Secara sosiologis kedudukan demikian
itu memberi hak-hak istimewa dan
peranan tertentu kepada fuqaha pada lapisan sosial tertentu, yang pada gilirannya akan
mempengarahi cara pandang
dan cara piker fuqaha itu
sendiri. Ketika seorang
faqih dari suatu
masa menuliskan tintanya menjadi
kitab fiqh, maka sebenarnya itu tidak terlepas dari
cara pandang dan
cara pikirnya yang sebagian
atau seluruhuya diwarnai
oleh kedudukan sosialnya tadi.
Salahkah
kitab-kitab fiqh, fatwa-fatwa ulama, keputusan-keputusan pengadilan agama,
dan peraturan perundangan di negeri-negeri
Muslim menjadi aturan hidup umat manusia. Menurut hemat penulis hal tersebut
bukan sebuah criminal selama hal tersebut tidak merugikan kepentingan umat. Dan
apabila hal tersebut sudah bertolak belakang dengan ajaran islam (merugikan)
maka hal tersebut harus mendapat perhatian umat.

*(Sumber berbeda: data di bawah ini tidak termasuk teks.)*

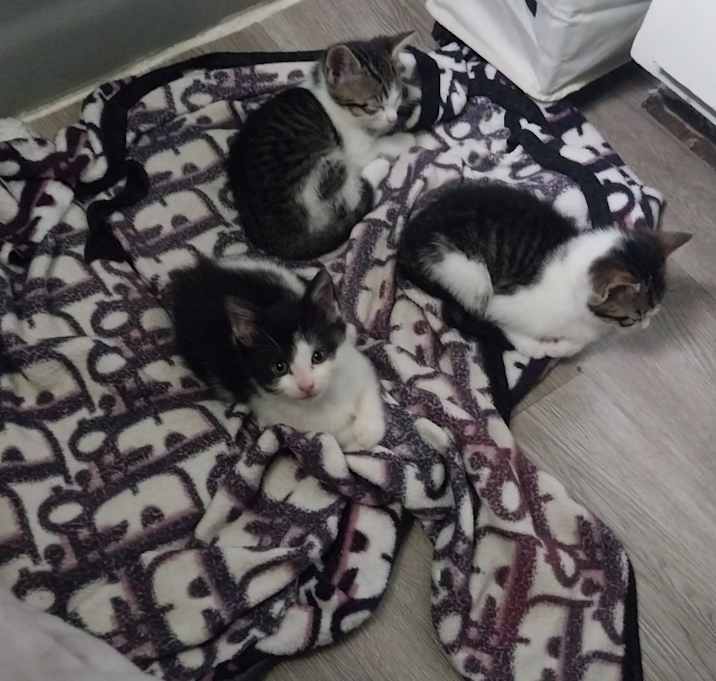 Photo of Kittens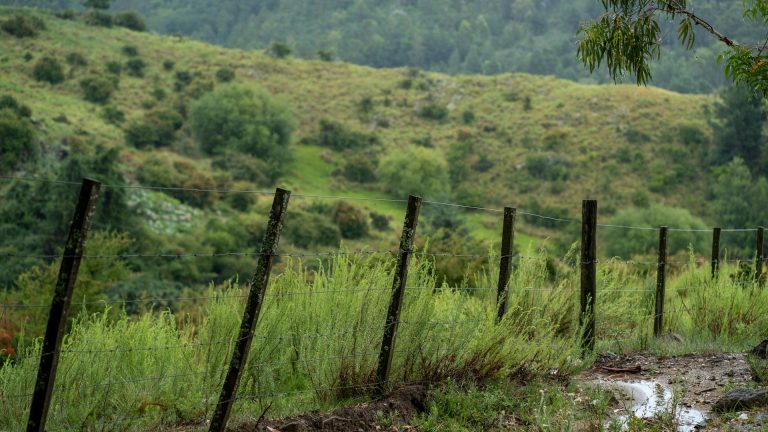 Comment faire une clôture sur un terrain en pente ? Méthodes et conseils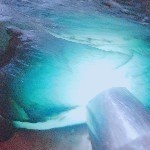 @精品翡翠毛料的主播照片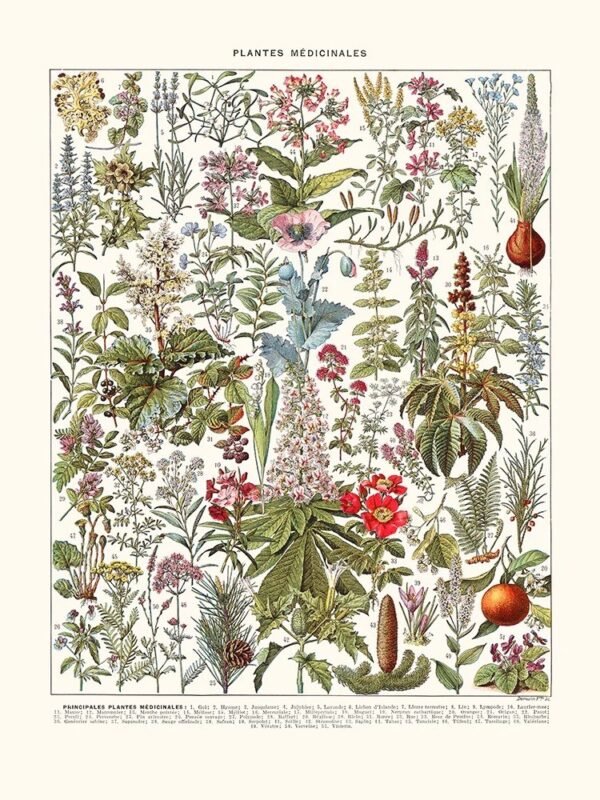 Medicinal Plants (Plantes Médicinales)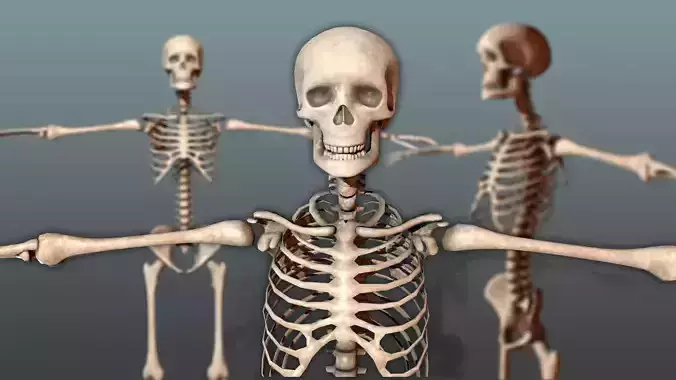Human Skeleton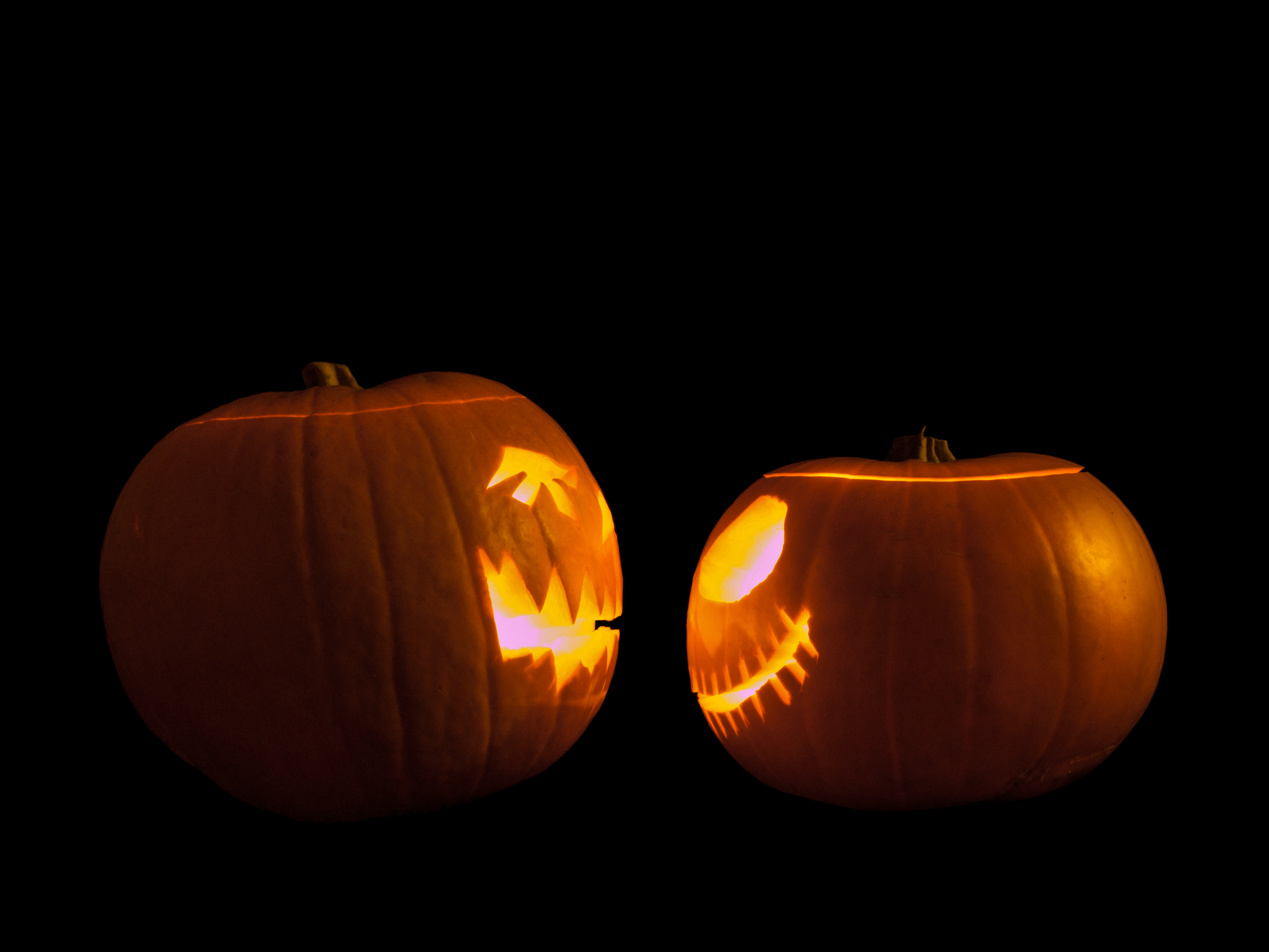CHOCKAVSLÖJANDET: Sanningen bakom Halloween – den ultimata fällan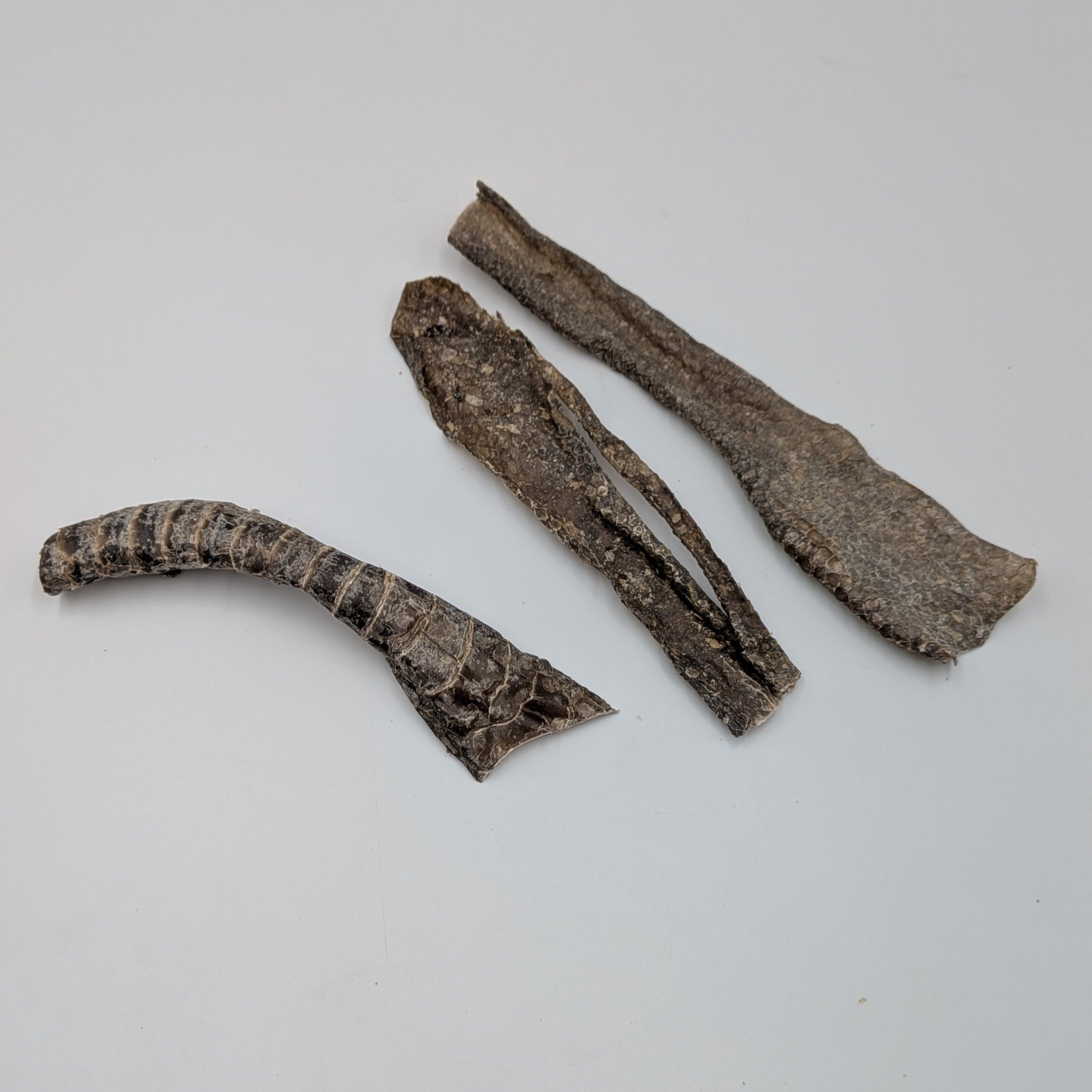 JR Ostrich Collagen Skin Slice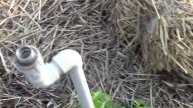 Подмёрзла смородина биг бен,венера и эбони в этом же ряду выстояли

Maka inilah otoritas yang
diberikan oleh Allah dan rasul kepada umat manusia untuk menentukan
kemaslahatannya. Dalam hal ini ijma’ merupakan solusi yang dapat ditempuh dalam
memiliki hak otoritas dalam permasalahan fiqh.
D.
Metode
Pengkajian Fiqh
Terdapat sejumlah
pasangan pilihan yang dapat mempengaruhi pandangan seseorang
tentang fiqh, empat
diantaranya akan disebutkan dan
diuraikan di sini. Keempat pasangan pilihan tersebut ialah
sebagai berikut:
1. Pilihan
Wahyu dan Akal
Dalam sejarah
pertumbuhan hukum Islam
kita mengetahui, terdapat dua
aliran besar di kalangan para
pendiri madzhab, dalam hal porsi penggunaan akal, dalam mencoba
memahami dan menjabarkan ajaran
Islam tentang hukum.
Kelompok pertama adalah mereka
yang mengutamakan penggunaan
hadits dalam memahami ayat-ayat
Qur'an dan kelompok kedua, adalah
mereka yang mengutamakan penggunaan akal. Kelompok pertama
kemudian dikenal dengan ahl
al-hadith dan kelompok kedua disebut ahli al-ra'yi. Kelompok pertama
terutama berkembang di Madinah, dan dipelopori
Imam Malik bin Anas dan kelompok
kedua berkembang di Kufah dan Baghdad, dipelopori Imam Abu Hanifah.
Kedua aliran ini telah
menghasilkan kitab-kitab fiqh
yang berbeda. Kitab-kitab fiqh hasil kelompok pertama lebih member tempat
kepada hadits-hadits meskipun lemah, sedangkan kelompok kedua menghasilkan
kitab-kitab fiqh yang bersifat
rasional. Imam Syafi'i sebenarnya telah
berusaha menjembatani kedua kelompok itu,
tapi tidak sepenuhnya berhasil,
karena beliau sendiri pada akhirnya lebih memihak pada kelompok pertama.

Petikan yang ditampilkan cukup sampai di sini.